Today at 1230 AEDT PM Albanese will announce changes to the promised stage 3 tax cuts. According to press reports, the amended package will now benefit lower- to middle-income earners more than the original legislation was going to, which was focussed on higher earners after parts 1 and 2 helped the former. The RBA has already factored in the original tax cuts into its forecasts but will now need to incorporate these changes as they will impact households with a higher propensity to spend.

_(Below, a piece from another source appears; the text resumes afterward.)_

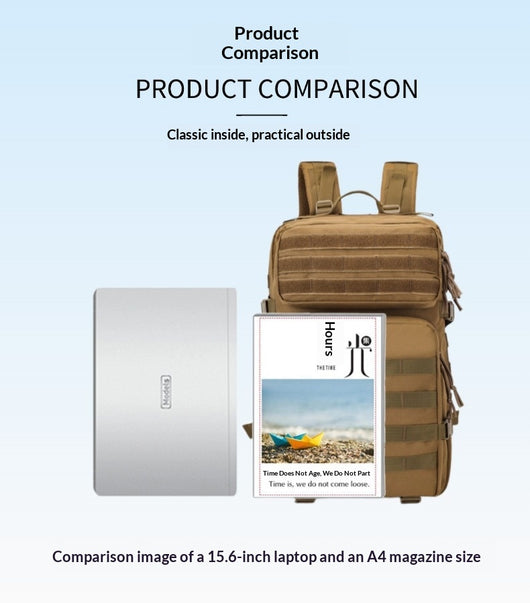 Mochila Táctica 45L para Senderismo - Unisex con Correas Ergonómicas - Image 34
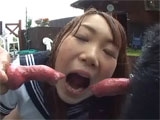 Asian suck two dog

  • The return to target is already at the edge of the RBA’s “reasonable timeframe” and if it is pushed out into 2026, then another rate hike is likely, which would likely impact the government’s support. The updated forecasts and the January 31 Q4 CPI are key to the outcome of the February meeting. The tax cuts will be implemented on July 1 and so may not necessarily result in further tightening but could delay easing into 2025.
  • In MNI: Tax Cuts, Fiscal Policy Seen Complicating RBA's Job, our policy team speak to economic commentators. They say that the tax cuts will keep inflation high and are worth 50-75bp of monetary easing. Given the shift to people who are more likely to spend, the revised programme may result in an upward revision to the RBA’s projections, which are scheduled on February 6.
  • The Australian is reporting that the revised tax cut package will reduce tax revenue by $20bn over the coming 10 years, while the government is saying that the changes won’t be inflationary. Given this development, data watching in H2 this year will become even more important.
  • The Australian is reporting that the 37% rate for those earning more than $135k will be retained in the PM’s revised plan, while it will be reduced to 30% for those earning $45k-135k. The top 45% band will now start at $190k down from $200k. The tax rate for those earning less than $45k will be reduced 3pp.